Background: Network methods are increasingly used to represent the interactions of genes and/or proteins. Genes or proteins that are directly linked may have a similar biological function or may be part of the same biological pathway. Since the information on the connection (adjacency) between 2 nodes may be noisy or incomplete, it can be desirable to consider alternative measures of pairwise interconnectedness. Here we study a class of measures that are proportional to the number of neighbors that a pair of nodes share in common. For example, the topological overlap measure by Ravasz et al. 1 can be interpreted as a measure of agreement between the m = 1 step neighborhoods of 2 nodes. Several studies have shown that two proteins having a higher topological overlap are more likely to belong to the same functional class than proteins having a lower topological overlap. Here we address the question whether a measure of topological overlap based on higher-order neighborhoods could give rise to a more robust and sensitive measure of interconnectedness.
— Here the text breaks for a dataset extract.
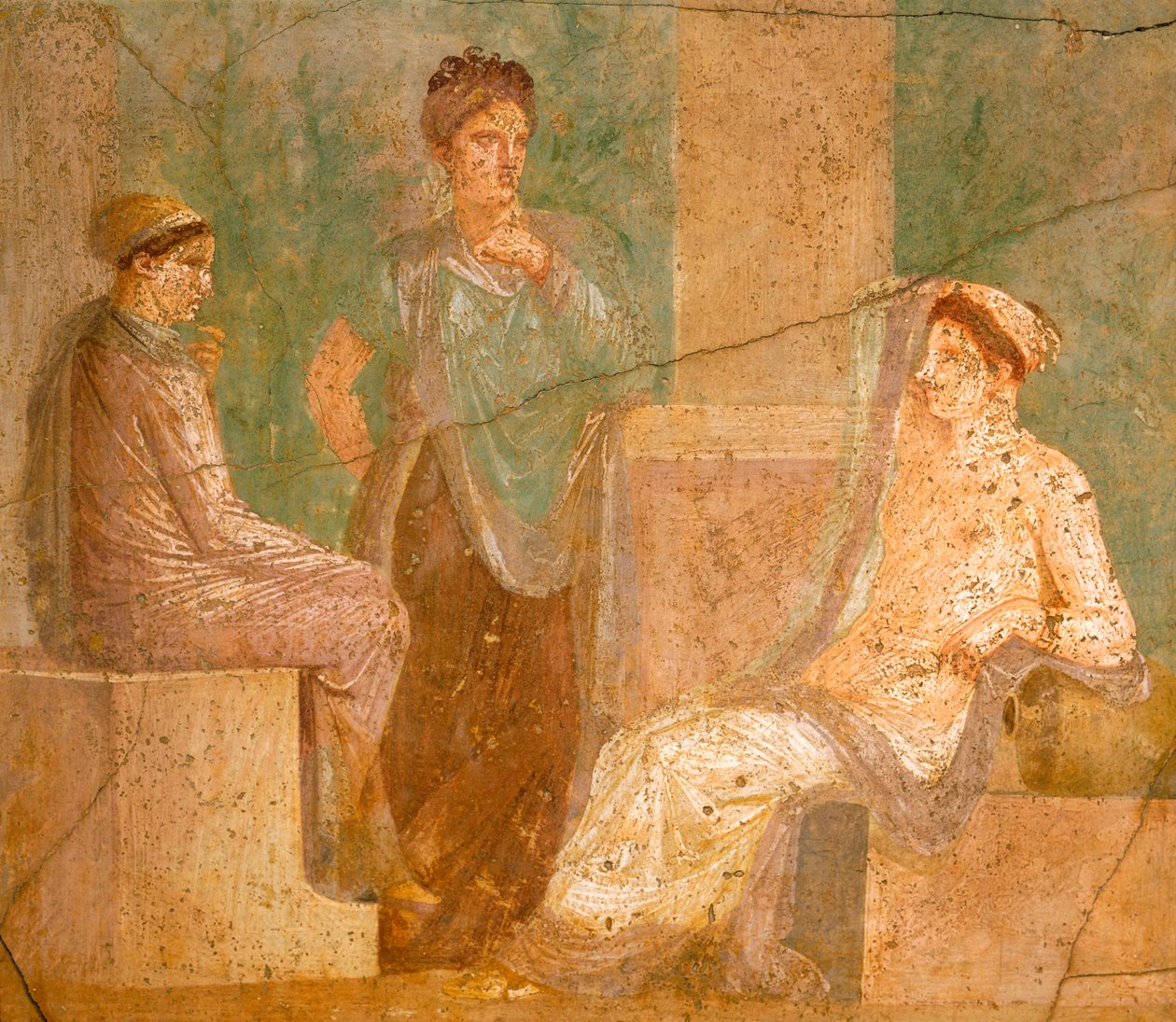 Római hölgyek csoportját ábrázoló freskó beszélgetés közben, az ókori vadászat házából, Pompeiiben (Campania, római civilizáció) alkotó: Roman Roman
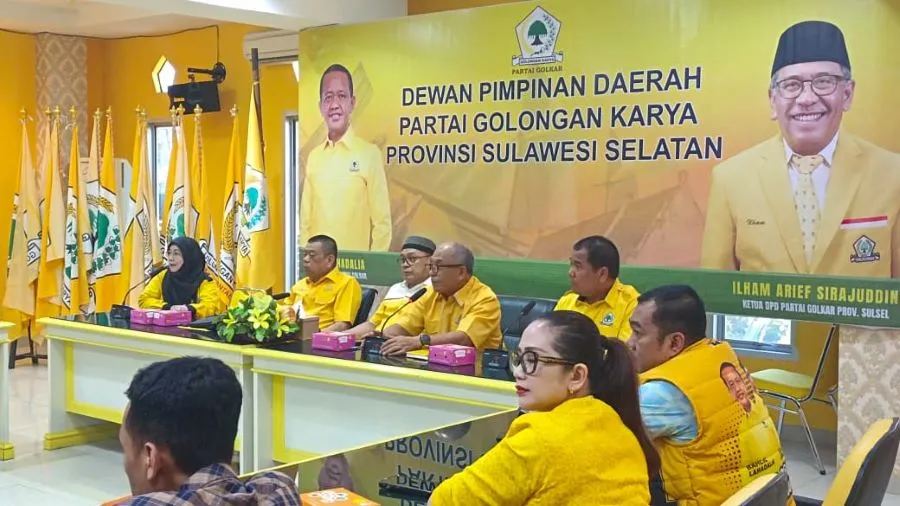 Konferensi pers Pelantikan Pengurus DPD Golkar Sulsel (Dok: Sinta KabarMakassar)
Results: We generalize the topological overlap measure from m = 1 step neighborhoods to m > or = 2 step neighborhoods. This allows us to define the m-th order generalized topological overlap measure (GTOM) by (i) counting the number of m-step neighbors that a pair of nodes share and (ii) normalizing it to take a value between 0 and 1. Using theoretical arguments, a yeast co-expression network application, and a fly protein network application, we illustrate the usefulness of the proposed measure for module detection and gene neighborhood analysis.
Conclusion: Topological overlap can serve as an important filter to counter the effects of spurious or missing connections between network nodes. The m-th order topological overlap measure allows one to trade-off sensitivity versus specificity when it comes to defining pairwise interconnectedness and network modules.